• [PROBLEM DESCRIPTION] For this task, extract exactly the lines of the data below, from the line containing "LT- IL MONASTERO" through the last one, with pictures left out.

*** DATASET ***

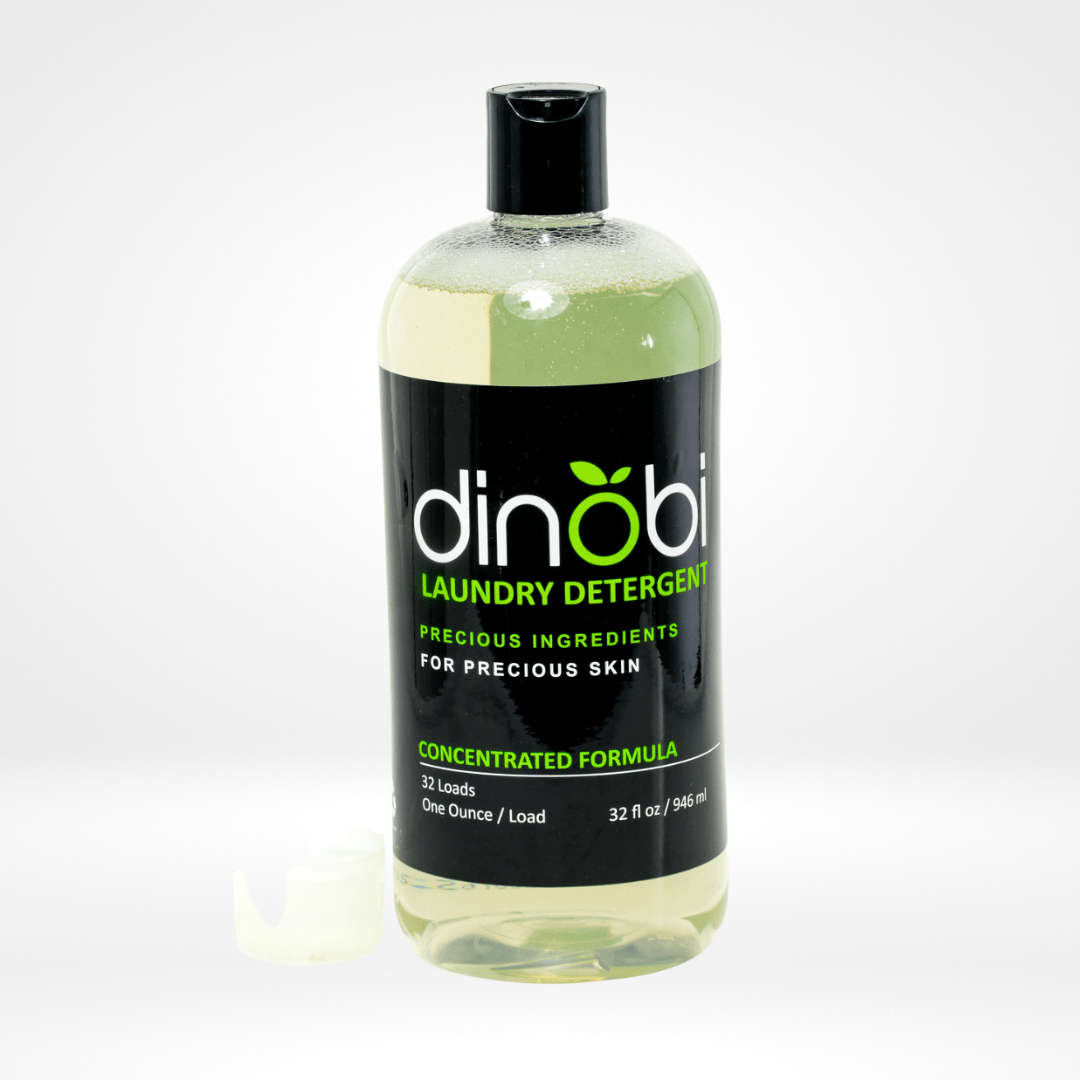 Original Calming Lavender Laundry Detergent - Dinobi Detergent: Powerful Plant - Based Laundry Detergent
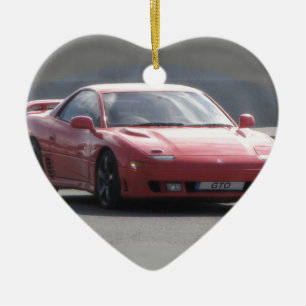 Mitsubishi GTO 3L Twin Turbo Ceramic Tree Decoration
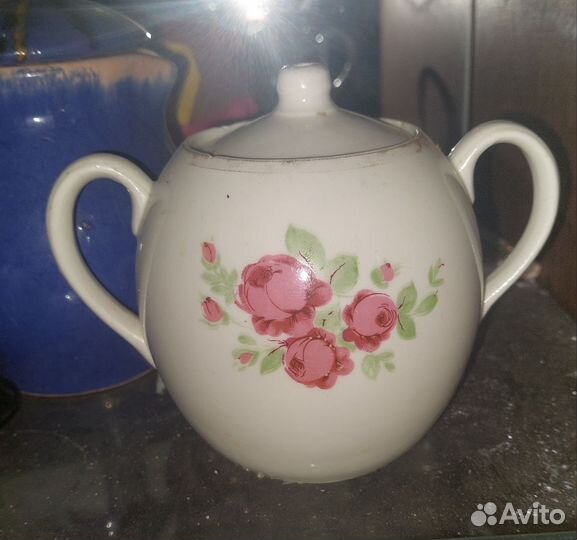 Чайники заварочные СССР/ для сливок и сахарница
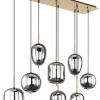 Globo Lighting Blacky 102cm taklampa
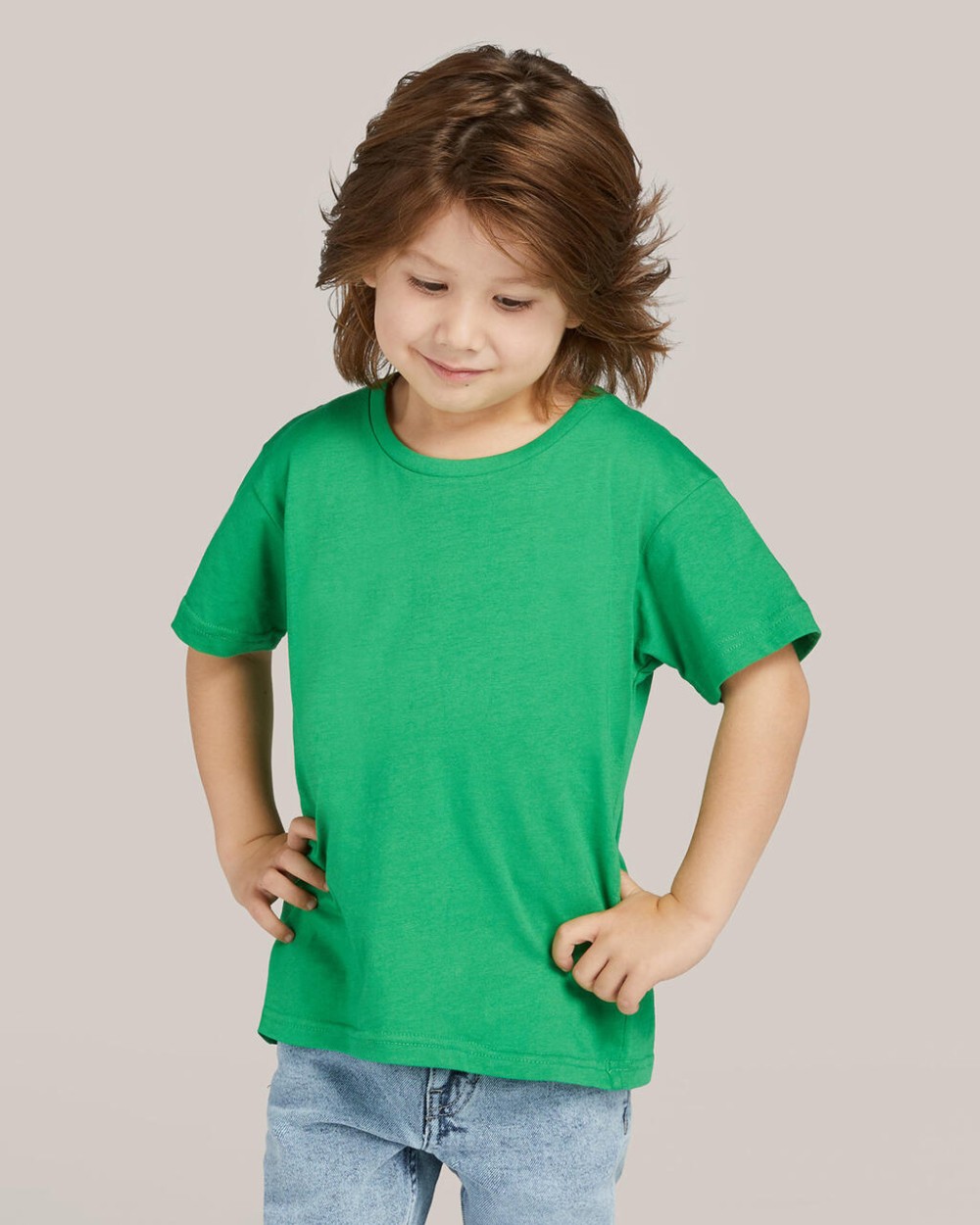 T-Shirts personnalisable SG CLOTHING Signature Tagless Tee Kids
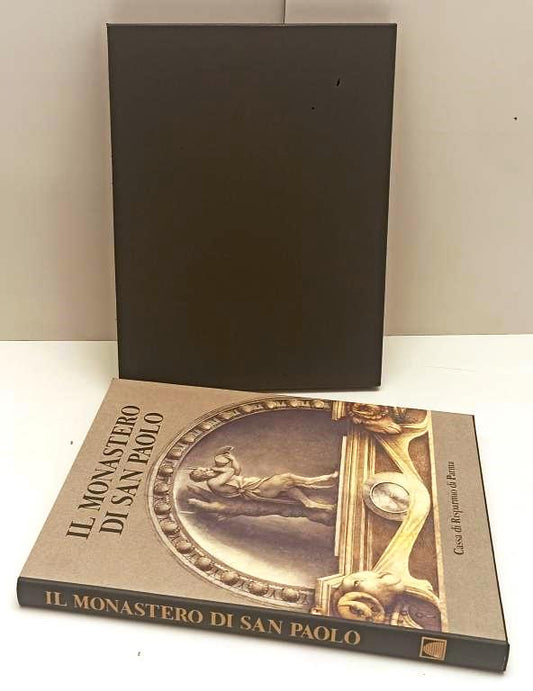 LT- IL MONASTERO DI SAN PAOLO- DALL'ACQUA- CASSA RISPARMIO PARMA-- 1990-- WPR319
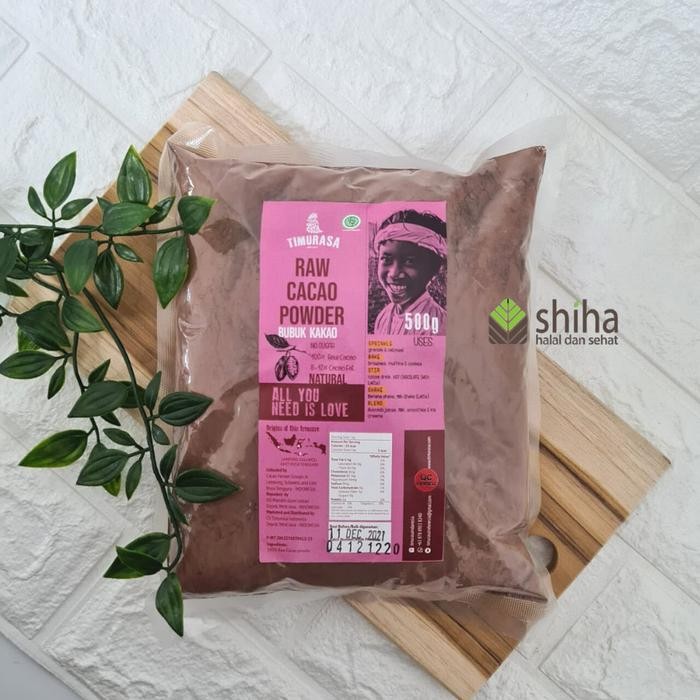 

Shiha - Raw Cacao Powder 125Gr - Bubuk Cacao Mentah - Timurasa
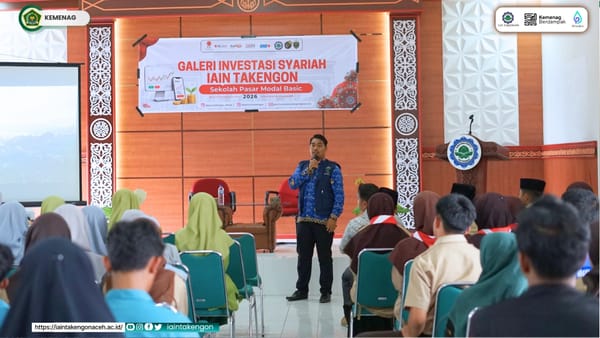 GIS IAIN Takengon Kenalkan Pasar Modal Syariah kepada 150 Pelajar, Cegah Judi Online Lewat Literasi Investasi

*** End of DATASET ***

• [SOLUTION TO THIS EXERCISE]
 LT- IL MONASTERO DI SAN PAOLO- DALL'ACQUA- CASSA RISPARMIO PARMA-- 1990-- WPR319

Shiha - Raw Cacao Powder 125Gr - Bubuk Cacao Mentah - Timurasa
 GIS IAIN Takengon Kenalkan Pasar Modal Syariah kepada 150 Pelajar, Cegah Judi Online Lewat Literasi Investasi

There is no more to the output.